Select ORDDATE, ITEM#, QTY
from ORDTBL, ORD_ITEMS
where ORDTBL.ORD# = ORD_ITEMS.ORD#
and ITEM# = 'HW3';

Assumptions:

  • There are 100 records in ORDTBL
  • There are 10,000 records in ORD_ITEMS
  • There are 50 order items with item# 'HW3'

Query Evaluation – Method 1

T1 = ORDTBL X ORD_ITEMS
(Perform the Product operation as the first step towards joining the two tables)

- 10000 X 100 tuple reads (1000000 tuple reads -> generates 1000000 tuples as intermediate result)
- 1000000 tuples written to disk (Assuming that 1000000 tuples in the intermediate result cannot be held in the memory. 1000000 tuple writes to a temporary space in the disk.)

T2 = ORDTBL.ORD# = ORD_ITEMS.ORD# & ITEM# 'HW3'(T1)
(Apply the two conditions in the query on the intermediate result obtained after the first step)

- 1000000 tuples read into memory (1000000 tuple reads)
- 50 selected (those tuples satisfying both the conditions. 50 held in the memory itself)

T3 = ORDDATE,ITEM#,QTY (T2)
(Projection performed as the final step. No more tuple i/o s)

- 50 tuples (final result)

Total no. of tuple i/o s = 1000000 reads + 1000000 writes + 1000000 reads
= 3000000 tuple i/o s


Query Evaluation – Method 2

T1 = ITEM#='HW3' (ORD_ITEMS) (Perform the Select operation on ORD_ITEMS as the first step)

- 10000 tuple reads (10000 tuple reads from ORD_ITEMS)
- 50 tuples selected; no disk writes (50 tuples satisfy the condition in Select. No disk writes assuming that the 50 tuples forming the intermediate result can be held in the memory)

T2 = ORDTBL JOIN T1

- 100 tuple reads (100 tuple reads from ORDTBL)
- resulting relation with 50 tuples

T3 = ORDDATE, ITEM#, QTY(T2)
(Projection performed as the final step. No more tuple i/o s)

- 50 tuples (final result)

Total no. of tuple i/o s = 10000 reads + 100 reads
= 10100 tuple i/o's

Comparison of the two Query Evaluation Methods

10,100 tuple I/O's (of Method 2) v/s 3,000,000 tuple I/O's (of Method 1) !

Thus by sequencing the operations differently a dramatic difference can be made in the performance of queries.

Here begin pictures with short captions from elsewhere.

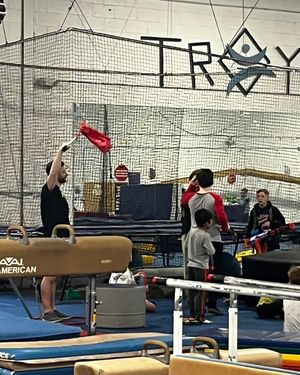 Image post by @TroyGymnastics on Facebook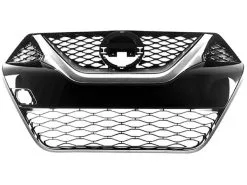 Action Crash - Front Grille - Black And Silver With Chrome Molding - 2016 - 2017 Nissan Maxima - NI1200284C
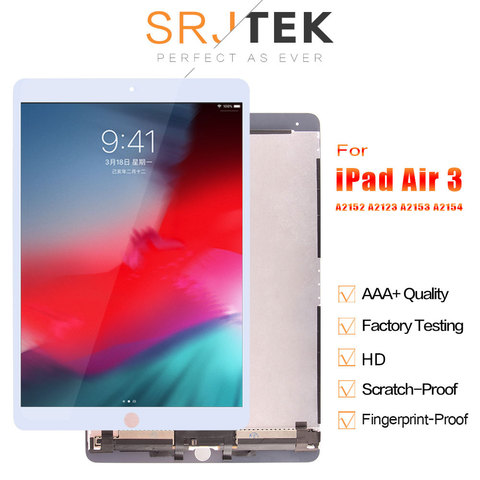 For iPad Air 3 A2152 A2123 A2153 LCD Display Touch Screen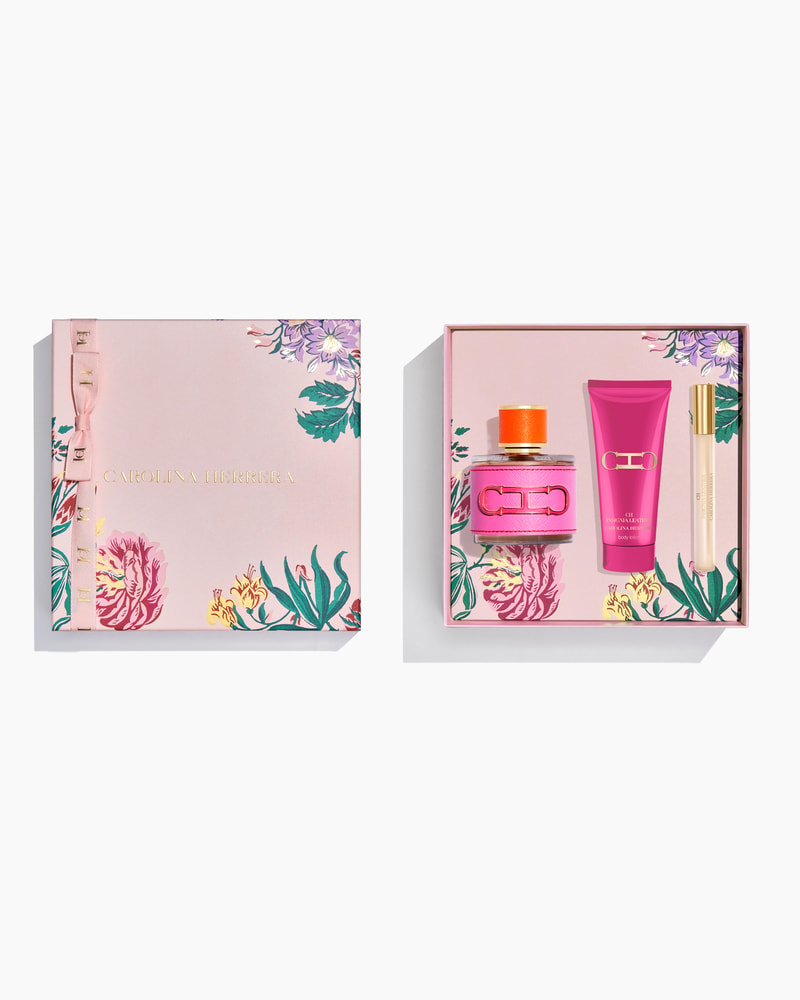 CH Insignia Leather 100ml Eau de Parfum, 100ml Body Lotion and 10ml Megaspritzer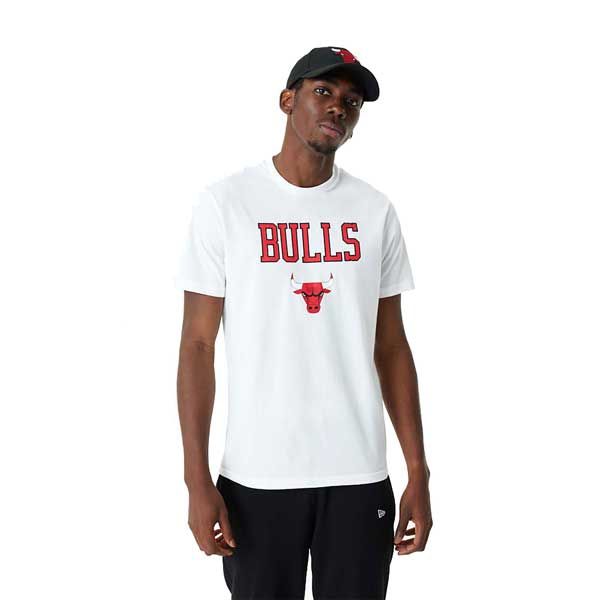 Tricou pentru bărbați New Era NBA Team Chicago Bulls T-shirt White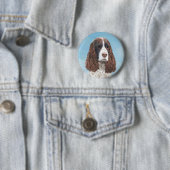 Englisch Springer Spanisch Malerei Original Dog Ar Button (Beispiel)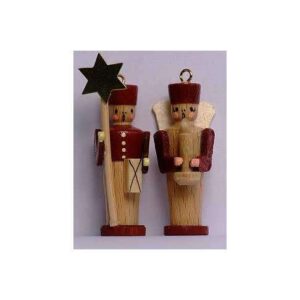 Bottoni decorativi stelle legno 6pz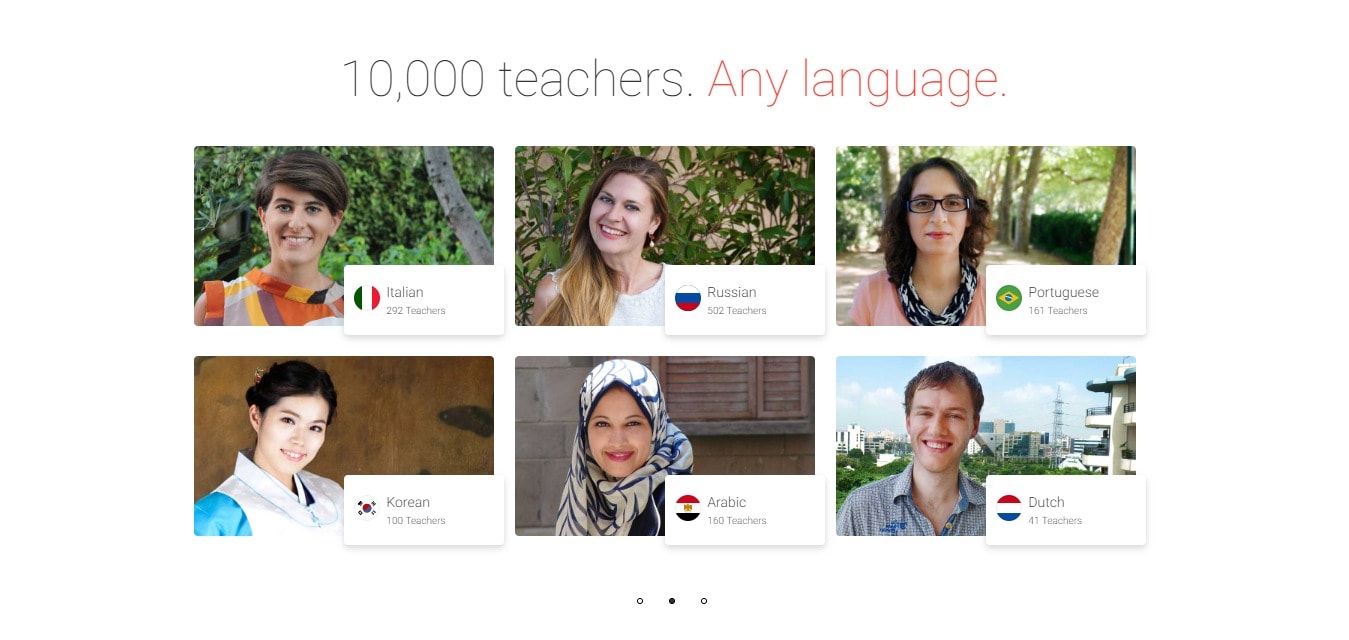 iTalki 10000 teachers any languge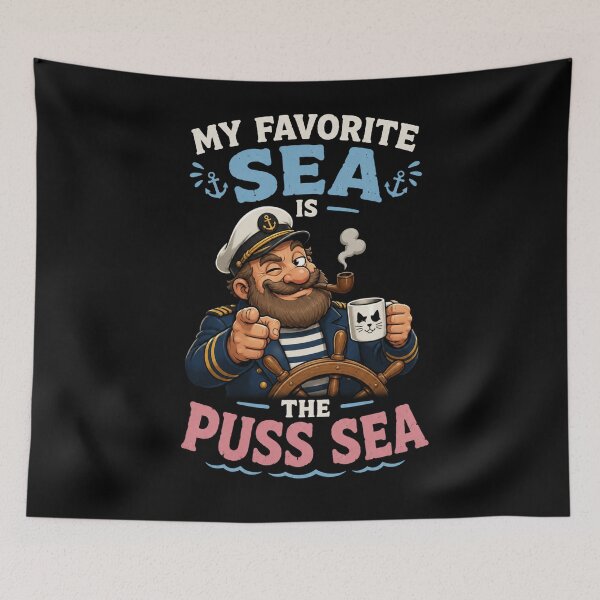 Item preview, My  Favorite Sea is The Puss-Sea designed and sold by TheEndDesign.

Here it needs to be noted that in the Method 2 of evaluation, the first operation to be performed was a 'Select' which filters out 50 tuples from the 10,000 tuples in the ORD_ITEMS table. Thus this operation causes elimination of 9950 tuples. Thus elimination in the initial steps would help optimization.

Some more examples:

1. select CITY, COUNT(*) from CUSTTBL
where CITY != 'BOMBAY'
group by CITY;
v/s select CITY, COUNT(*) from CUSTTBL
group by CITY
having CITY != 'BOMBAY';

2.

select * from ORDTBL
where to_char(ORDDATE,'dd-mm-yy')
= '11-08-94';

v/s select * from ORDTBL
where ORDDATE = to_date('11-08-94',
'dd-mm-yy');

Here the second version is faster. In the first form of the query, a function to_char is applied on an attribute and hence needs to be evaluated for each tuple in the table. The time for this evaluation will be thus proportional to the cardinality of the relation. In the second form, a function to_date is applied on a constant and hence needs to be evaluated just once, irrespective of the cardinality of the relation. Moreover, if the attribute ORDDATE is indexed, the index will not be used in the first case, since the attribute appears in an expression and its value is not directly used.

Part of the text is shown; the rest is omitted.